:: Requirement ::
For this exercise, return exactly the lines of the material below that begin at the one with "BEAUTY&YOUTH UNITED ARROWS（ビューティーアンドユースユナイテッドアローズ）カジュアルシャツ" and stop after the one with "Boucles d'oreilles Elvira".
▬▬▬▬▬▬
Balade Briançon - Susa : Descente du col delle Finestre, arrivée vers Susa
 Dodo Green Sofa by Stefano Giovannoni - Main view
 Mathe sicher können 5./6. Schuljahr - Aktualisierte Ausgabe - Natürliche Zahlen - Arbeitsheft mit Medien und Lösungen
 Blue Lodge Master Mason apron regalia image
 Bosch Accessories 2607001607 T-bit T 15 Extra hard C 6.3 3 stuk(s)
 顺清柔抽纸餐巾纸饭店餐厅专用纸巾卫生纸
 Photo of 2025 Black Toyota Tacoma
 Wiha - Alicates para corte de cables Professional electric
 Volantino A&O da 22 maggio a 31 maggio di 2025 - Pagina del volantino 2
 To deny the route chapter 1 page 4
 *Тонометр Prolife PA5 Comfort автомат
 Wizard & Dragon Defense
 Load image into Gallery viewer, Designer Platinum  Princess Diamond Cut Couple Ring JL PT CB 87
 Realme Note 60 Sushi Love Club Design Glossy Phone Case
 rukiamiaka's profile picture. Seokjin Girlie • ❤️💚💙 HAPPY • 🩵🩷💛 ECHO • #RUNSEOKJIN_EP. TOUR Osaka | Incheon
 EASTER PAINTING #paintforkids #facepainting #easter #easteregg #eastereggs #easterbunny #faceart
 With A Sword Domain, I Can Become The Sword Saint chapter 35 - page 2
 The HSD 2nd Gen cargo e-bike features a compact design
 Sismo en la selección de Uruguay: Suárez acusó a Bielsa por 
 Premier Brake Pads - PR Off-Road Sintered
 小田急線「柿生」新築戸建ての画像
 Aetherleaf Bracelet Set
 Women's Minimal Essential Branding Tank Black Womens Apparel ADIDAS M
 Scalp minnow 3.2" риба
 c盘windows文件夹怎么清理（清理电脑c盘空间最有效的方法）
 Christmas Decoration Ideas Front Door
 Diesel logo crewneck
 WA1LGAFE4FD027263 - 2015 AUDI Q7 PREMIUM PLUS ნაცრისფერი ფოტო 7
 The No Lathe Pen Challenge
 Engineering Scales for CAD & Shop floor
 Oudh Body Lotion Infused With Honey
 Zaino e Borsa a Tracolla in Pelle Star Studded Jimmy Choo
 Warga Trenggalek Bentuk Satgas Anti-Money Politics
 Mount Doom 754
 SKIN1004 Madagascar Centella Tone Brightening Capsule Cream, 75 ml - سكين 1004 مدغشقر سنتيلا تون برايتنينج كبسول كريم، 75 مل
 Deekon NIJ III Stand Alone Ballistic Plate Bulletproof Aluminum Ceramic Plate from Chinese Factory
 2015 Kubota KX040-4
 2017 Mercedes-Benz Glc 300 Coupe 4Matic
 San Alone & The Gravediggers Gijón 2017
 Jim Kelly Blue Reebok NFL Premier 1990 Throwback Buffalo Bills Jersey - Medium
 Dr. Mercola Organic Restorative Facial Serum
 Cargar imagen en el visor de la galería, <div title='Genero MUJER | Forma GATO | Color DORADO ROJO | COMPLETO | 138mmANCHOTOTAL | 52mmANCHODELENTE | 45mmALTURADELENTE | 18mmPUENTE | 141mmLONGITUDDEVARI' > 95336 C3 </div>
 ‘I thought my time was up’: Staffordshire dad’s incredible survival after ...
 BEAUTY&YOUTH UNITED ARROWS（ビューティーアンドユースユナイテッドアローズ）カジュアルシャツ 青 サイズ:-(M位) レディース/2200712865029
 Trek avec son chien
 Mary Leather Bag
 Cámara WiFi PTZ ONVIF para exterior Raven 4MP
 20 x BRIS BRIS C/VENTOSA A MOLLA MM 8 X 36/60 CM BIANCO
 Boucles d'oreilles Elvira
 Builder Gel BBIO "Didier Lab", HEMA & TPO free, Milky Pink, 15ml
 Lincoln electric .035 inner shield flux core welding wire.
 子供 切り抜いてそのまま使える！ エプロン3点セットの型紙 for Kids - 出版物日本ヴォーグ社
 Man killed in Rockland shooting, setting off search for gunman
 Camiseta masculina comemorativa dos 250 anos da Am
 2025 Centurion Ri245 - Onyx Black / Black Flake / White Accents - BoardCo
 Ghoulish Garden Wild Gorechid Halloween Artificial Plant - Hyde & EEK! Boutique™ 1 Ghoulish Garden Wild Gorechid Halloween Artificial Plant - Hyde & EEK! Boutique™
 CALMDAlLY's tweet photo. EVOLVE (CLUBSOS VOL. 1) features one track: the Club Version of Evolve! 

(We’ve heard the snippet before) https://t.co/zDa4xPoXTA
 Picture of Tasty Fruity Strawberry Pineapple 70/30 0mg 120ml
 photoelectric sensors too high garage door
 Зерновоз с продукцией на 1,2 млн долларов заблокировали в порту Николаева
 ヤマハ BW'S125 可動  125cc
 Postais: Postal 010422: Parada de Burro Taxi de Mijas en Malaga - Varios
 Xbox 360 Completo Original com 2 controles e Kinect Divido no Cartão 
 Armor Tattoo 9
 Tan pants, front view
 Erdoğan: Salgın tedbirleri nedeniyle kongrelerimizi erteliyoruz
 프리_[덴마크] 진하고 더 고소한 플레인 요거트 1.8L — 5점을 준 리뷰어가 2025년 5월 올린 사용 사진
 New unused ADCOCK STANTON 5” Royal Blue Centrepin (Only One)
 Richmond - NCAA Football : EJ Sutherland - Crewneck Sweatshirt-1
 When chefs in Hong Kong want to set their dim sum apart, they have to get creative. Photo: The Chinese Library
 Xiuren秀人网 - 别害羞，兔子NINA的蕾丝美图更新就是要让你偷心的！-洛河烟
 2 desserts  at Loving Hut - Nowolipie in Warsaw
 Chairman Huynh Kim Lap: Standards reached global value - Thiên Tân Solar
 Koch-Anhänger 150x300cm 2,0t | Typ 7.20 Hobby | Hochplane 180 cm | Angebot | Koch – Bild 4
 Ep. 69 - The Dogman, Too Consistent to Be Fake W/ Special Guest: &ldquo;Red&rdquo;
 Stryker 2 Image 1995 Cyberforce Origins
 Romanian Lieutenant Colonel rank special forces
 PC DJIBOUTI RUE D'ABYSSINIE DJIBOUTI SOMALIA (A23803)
▬▬▬▬▬▬
:: Exercise output ::
 BEAUTY&YOUTH UNITED ARROWS（ビューティーアンドユースユナイテッドアローズ）カジュアルシャツ 青 サイズ:-(M位) レディース/2200712865029
 Trek avec son chien
 Mary Leather Bag
 Cámara WiFi PTZ ONVIF para exterior Raven 4MP
 20 x BRIS BRIS C/VENTOSA A MOLLA MM 8 X 36/60 CM BIANCO
 Boucles d'oreilles Elvira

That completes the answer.